*WHAT NEEDS TO BE DONE:* A word-for-word reproduction of the data below is needed, with no pictures in it.

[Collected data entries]
++++++++
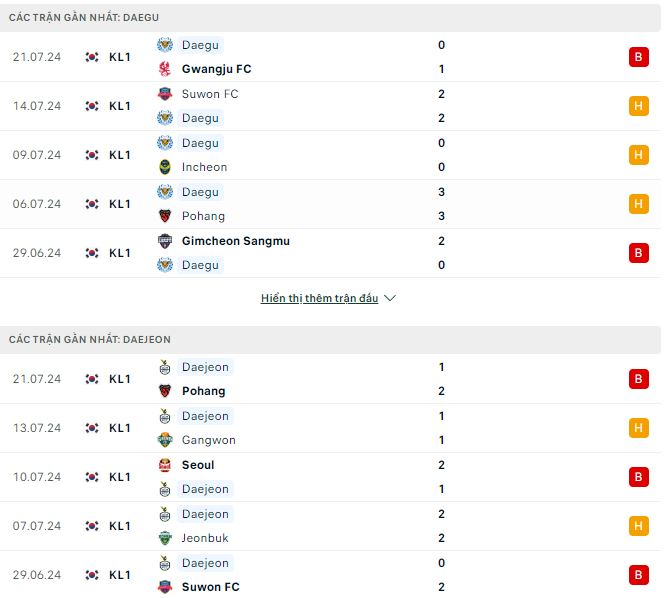 Nhận định, soi kèo Daegu vs Daejeon Citizen, 17h30 ngày 27/7: Chung kết ngược - Ảnh 2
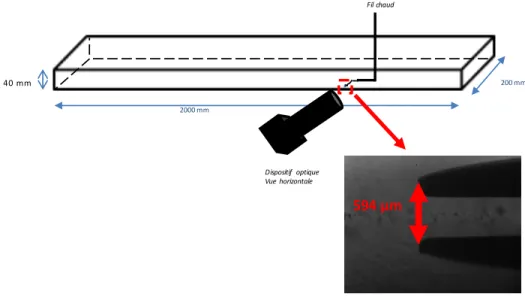 Figure II-4 : Schéma de principe du dispositif de mesure de distance fil chaud / paroi inférieure de la veine 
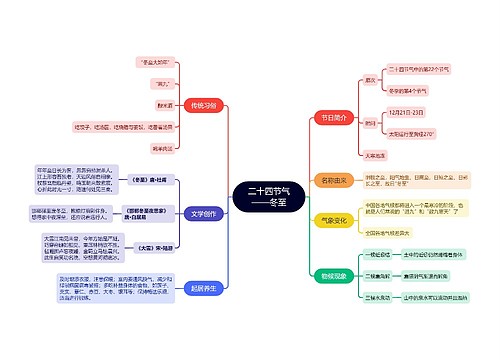 二十四节气冬至思维导图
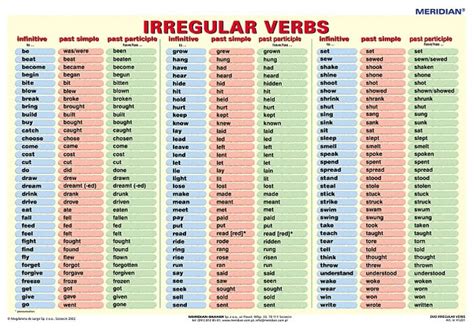 25 Irregular Verbs In Past Ingles Propedeutico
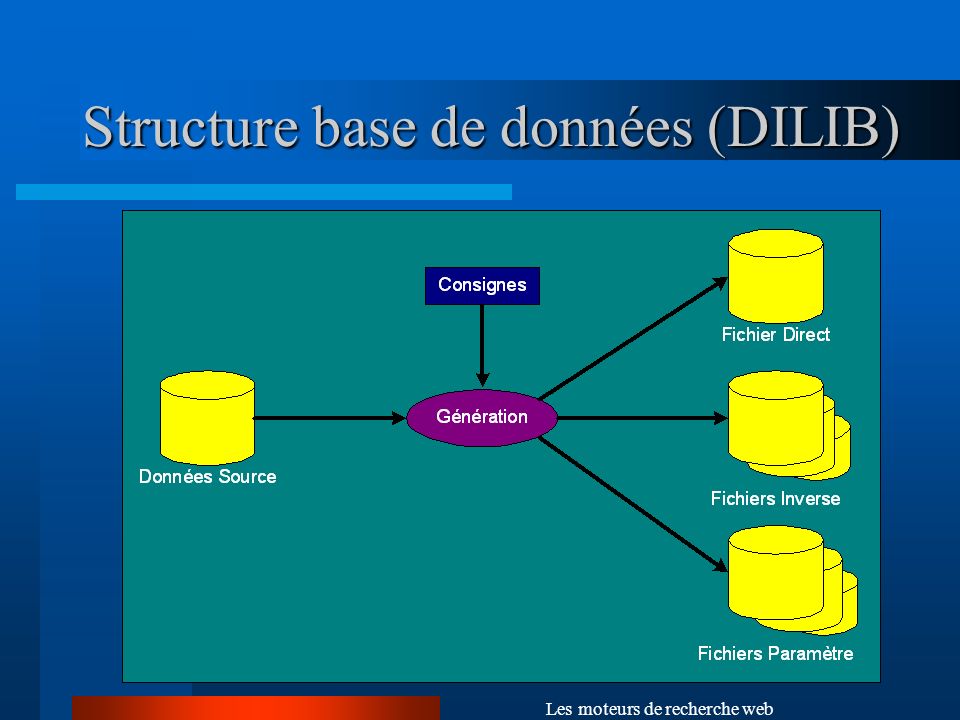 Structure base de données (DILIB)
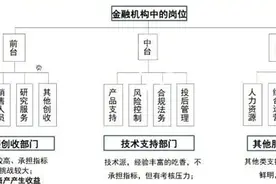 金融职业门槛有多高？图片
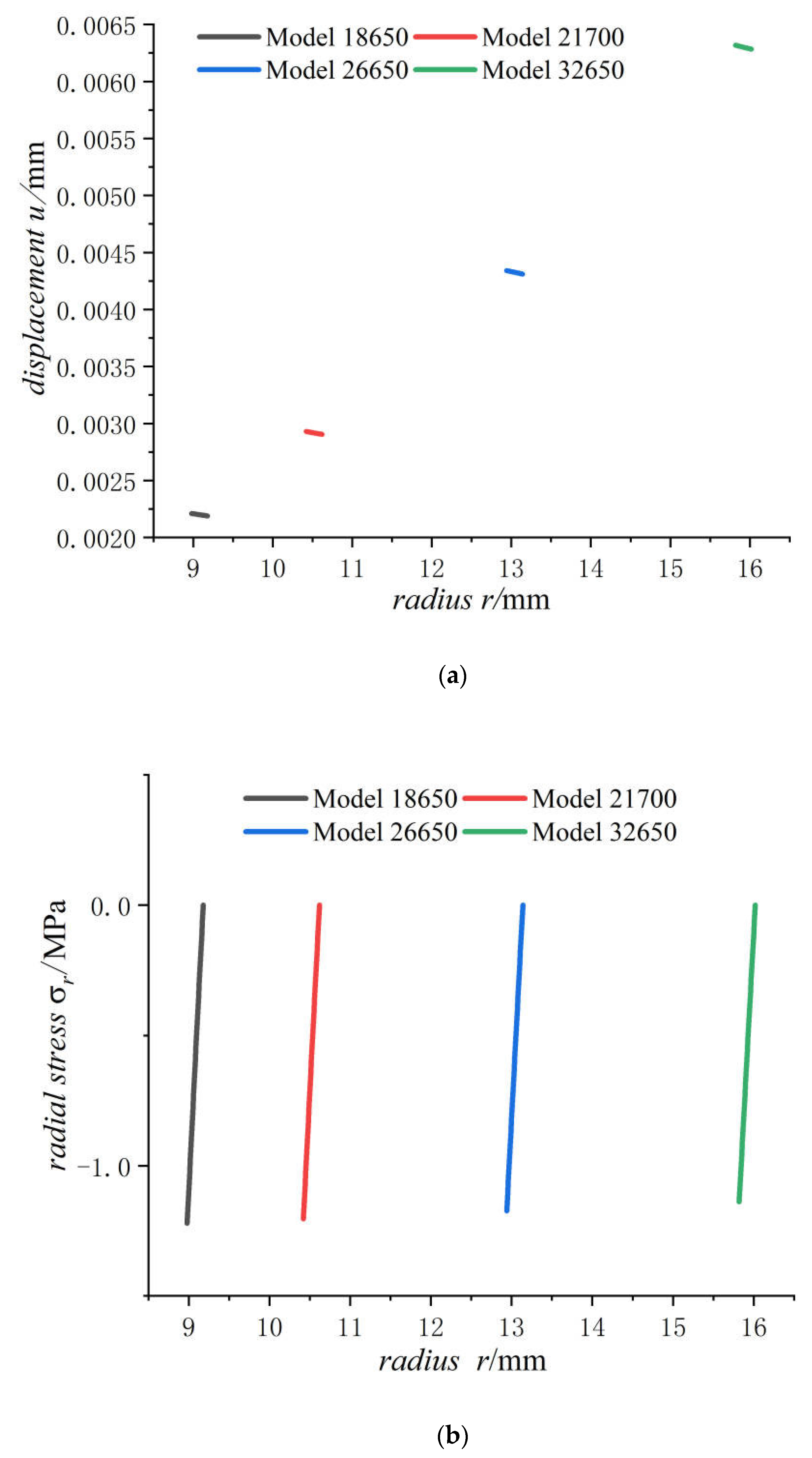 Energies 15 08244 g009a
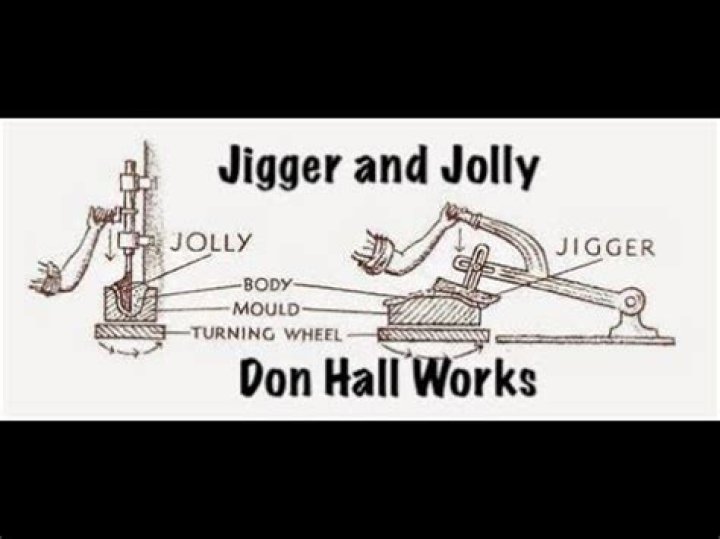 What is jigger jolly machine?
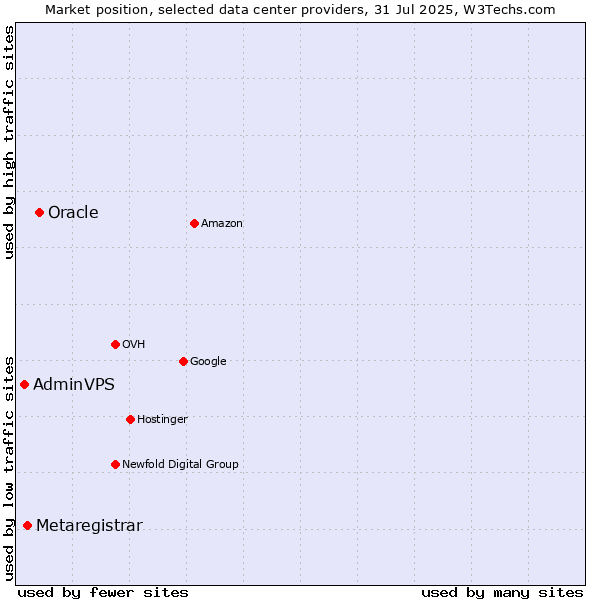 Market position of Oracle vs. Metaregistrar vs. AdminVPS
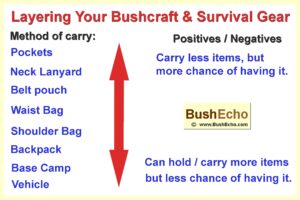 Bushcraft layering survival kit
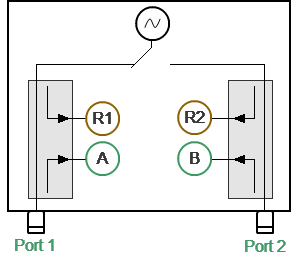 2 port diagram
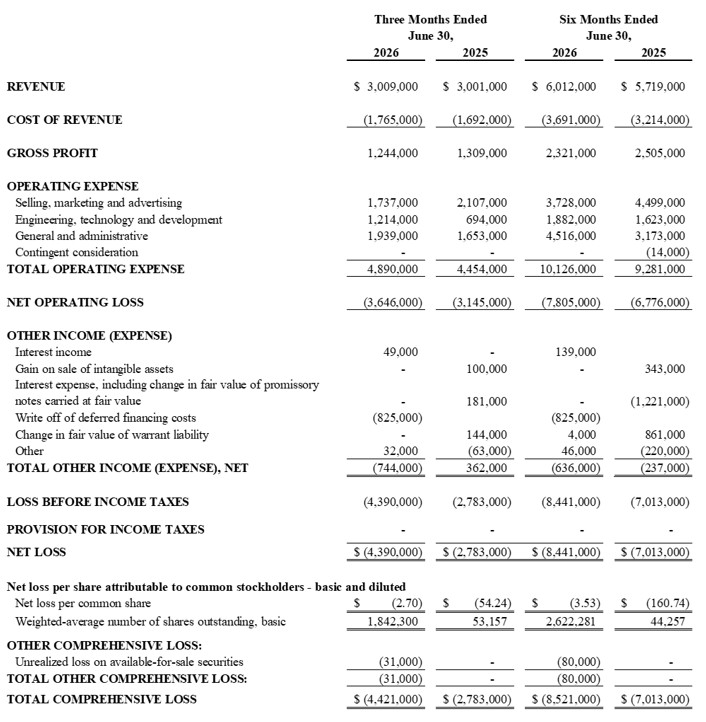 CONDENSED STATEMENTS OF COMPREHENSIVE INCOME (LOSS)
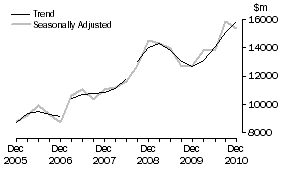 Graph: 2 Buildings and structures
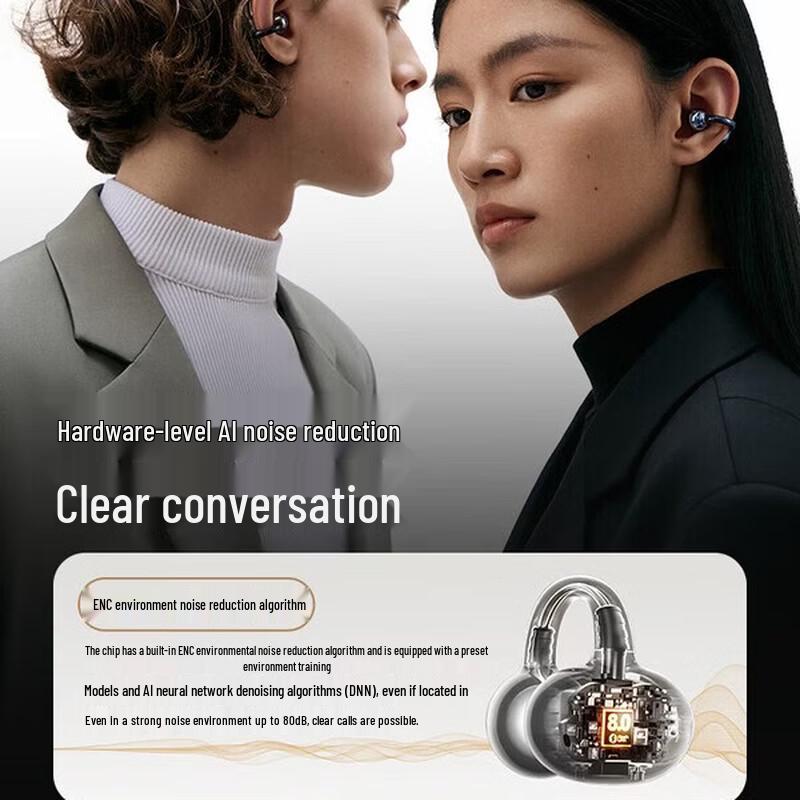 SANAG S8S AI Wireless Ear-Clip Sport Headset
++++++++
*ANSWER SPACE:*
 Nhận định, soi kèo Daegu vs Daejeon Citizen, 17h30 ngày 27/7: Chung kết ngược - Ảnh 2
 Figure II-4 : Schéma de principe du dispositif de mesure de distance fil chaud / paroi inférieure de la veine 
 二十四节气冬至思维导图
 25 Irregular Verbs In Past Ingles Propedeutico
 Structure base de données (DILIB)
 金融职业门槛有多高？图片
 Energies 15 08244 g009a
 What is jigger jolly machine?
 Market position of Oracle vs. Metaregistrar vs. AdminVPS
 Bushcraft layering survival kit
 2 port diagram
 CONDENSED STATEMENTS OF COMPREHENSIVE INCOME (LOSS)
 Graph: 2 Buildings and structures
 SANAG S8S AI Wireless Ear-Clip Sport Headset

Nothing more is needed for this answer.